Panic! At the disco
Ongekend was het. Ik had al gedoucht en ook m'n make-up had ik al opgesmeerd - en die zat perfect, al zeg ik het zelf. Ik liep naar beneden (want ik heb zowaar een slaapzolder met trap in mijn kamer) met de intentie om mijn kleding aan te trekken en op weg naar de universiteit te gaan. Die dag had ik twee deadlines- één om kwart voor twee en één om negen uur 's avonds - waar ik enorm tegenaan hikte. Ik had maandag en dinsdag al de hele dag in de bieb gezeten en naar een wit word-document gestaard, om vervolgens maar een lijstje bij de Top 2000 in te zenden en nog een kop koffie met een lieve vriendin te doen. Ook in de avonden hield ik mijn kop er niet bij: maandag heb ik het haar van een aspirant van mijn dispuut geverfd (no worries, het was geen nare ontgroening maar iets wat ze zelf wilde; ze is nu prachtig chocolade-bruin) en heb ik daarna een dispuutsgenootje met haar sinterklaasgedicht geholpen, en dinsdag ben ik wijn met een vriendin van de oude studie gaan drinken.

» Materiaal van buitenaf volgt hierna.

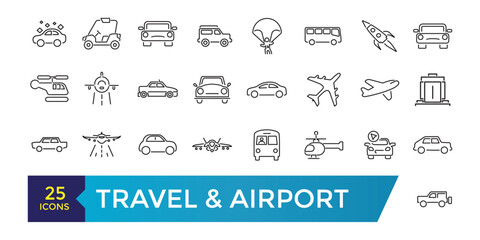 Travel and Airport line icon set. Contains linear outline icons like Plane, Ticket, Baggage, Transport, Luggage, Airplane. Editable vector illustration.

Klinkt dus als best een paar aardige dagen, als ik het zo opschrijf - hoewel er dus niets van die deadlines kwam. Wel knaagde er al iets aan me. Zo had ik zondag na de verjaardag van mijn nichtje al een klein instortmomentje bij mama gehad - want daar zijn mama's voor en dat kunnen ze teweegbrengen. Ik had al meerdere malen aangegeven dat het niet goed met me gaat, maar na drie tranen was ik dan ook wel klaar met mijn verhaal. En opeens stond ik daar, vorige week woensdag, klaar om naar de campus te gaan en totaal verstijfd in m'n kamer.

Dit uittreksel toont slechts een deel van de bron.